Des projets sensationnels
Le gouvernement égyptien tente toutefois de relancer une industrie touristique cruciale pour le pays à l’aide de projets toujours plus sensationnels. L’actuel ministre des Antiquités, Mamdouh Mohammed Eldamaty, multiplie les annonces et apparitions médiatiques, parfois entouré d’égyptologues (égyptiens ou étrangers) à l’initiative des projets en cours. Dernièrement, le plus médiatisé fut sans conteste l’étude au radar de la tombe de Toutankhamon, dans la Vallée des Rois (KV62). Les résultats de ces analyses incitèrent même le ministre à annoncer que «la probabilité qu’il y ait quelque chose derrière ces murs est de 90 %», réalimentant ainsi les phantasmes autour de la tombe de ce jeune roi découverte en 1922 par Howard Carter.
Le chantier du nouveau musée des pyramides de Gaza, à proximité du Caire le 18 mai 2015. Crédit photo: REUTERS/Amr Abdallah Dalsh
Cette passion égyptienne, parfois proche de l’ésotérisme, s’est également illustrée au travers de la médiatisation du projet ScanPyramids qui, au travers d’études au scanner de diverses pyramides (Khéops et Khéphren pour le plateau de Giza, Snéfrou pour le site de Dahchour), s’est fixé pour objectif de découvrir d’éventuelles chambres encore inconnues, ou encore de comprendre – enfin – comment furent bâties ces géantes de pierre à l’allure immortelle.
Si l’association de technologies de pointe à l’égyptologie permet une couverture journalistique importante, d’autres projets d’ampleur sont en cours, notamment à des fins de vulgarisation et de mise en valeur des découvertes archéologiques.

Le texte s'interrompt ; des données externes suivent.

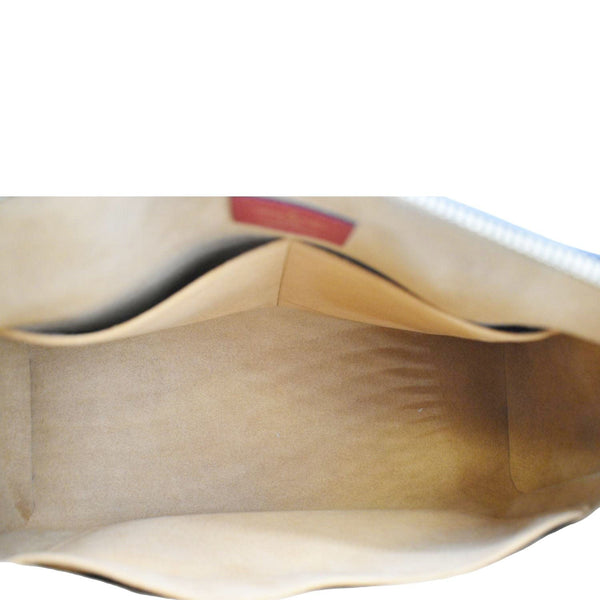 LOUIS VUITTON Tuileries Monogram Canvas Tote Shoulder Bag Brown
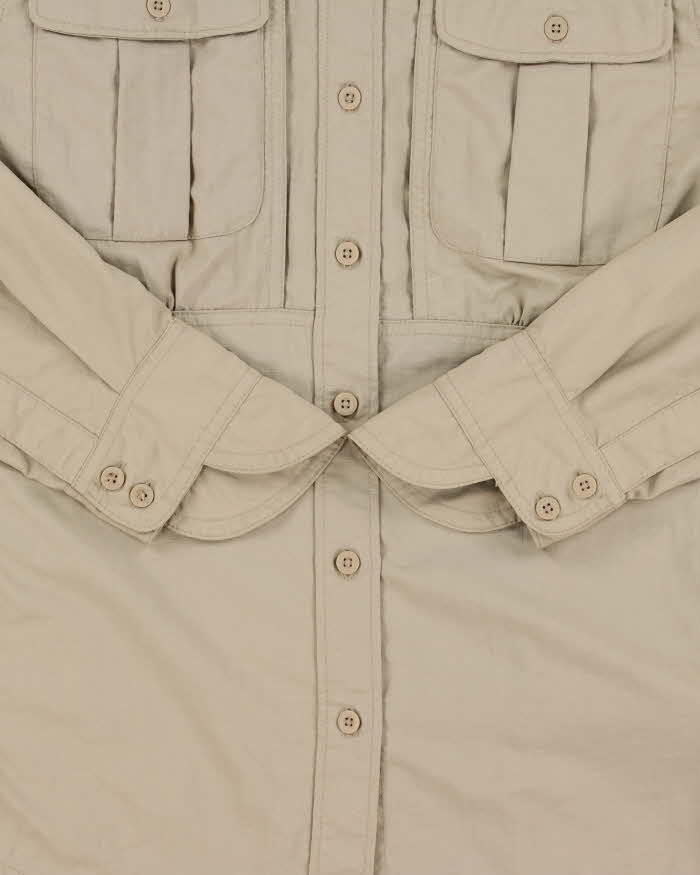 Vintage 00s The North Face Long Sleeve Blouse - S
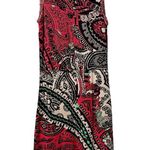 Aldomartins Anthropologie Pink / Turquoise Paisley Sweater Knit Dress $278 Sz 8 Photo 0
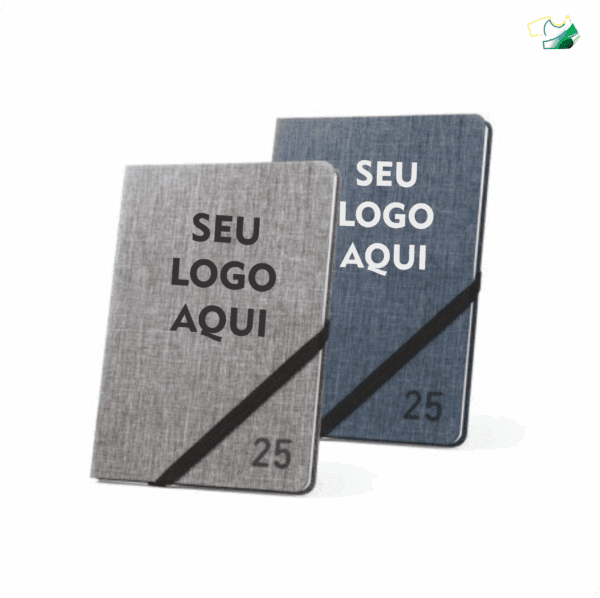WELLES. Agenda A5 em 300D PET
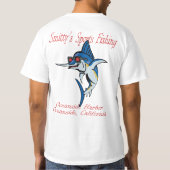 Smittys Sport-Fischen T-Shirt (Rückseite)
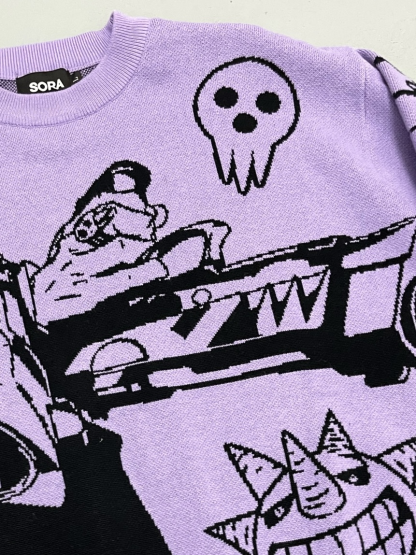 "Weapon Partners" Knit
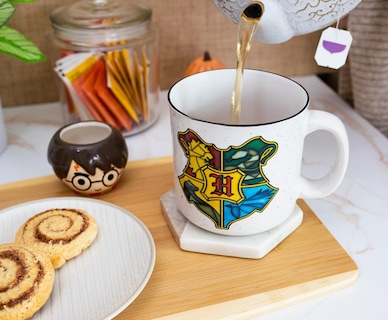 Foto 4 | Foto 4 | Taza De Cerámica Camper Silver Buffalo Harry Potter Hogwarts, 590 Ml - Venta Internacional.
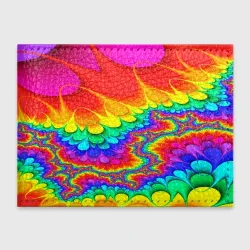 Обложка для студенческого билета Tie-dye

Au Caire, deux musées ultra-modernes devraient par exemple ouvrir leurs portes dans un avenir proche: le Grand Egyptian Museum (GEM) et le National Museum of Egyptian Civilization (NMEC). À eux deux, ils proposeront 150 000 m2 d’exposition, près de 200 000 objets exposés, des salles de conférences et de projection, des conditions de conservation optimales, diverses infrastructures permettant aux touristes de profiter de tout le confort possible pendant leur visite, etc. De plus, le gouvernement a annoncé récemment vouloir relancer un projet incroyable: la construction d’un musée subaquatique dans la baie d’Alexandrie. Cette structure offrirait aux visiteurs une expérience nouvelle en leur proposant d’observer les objets et vestiges encore engloutis directement dans leur environnement sous-marin.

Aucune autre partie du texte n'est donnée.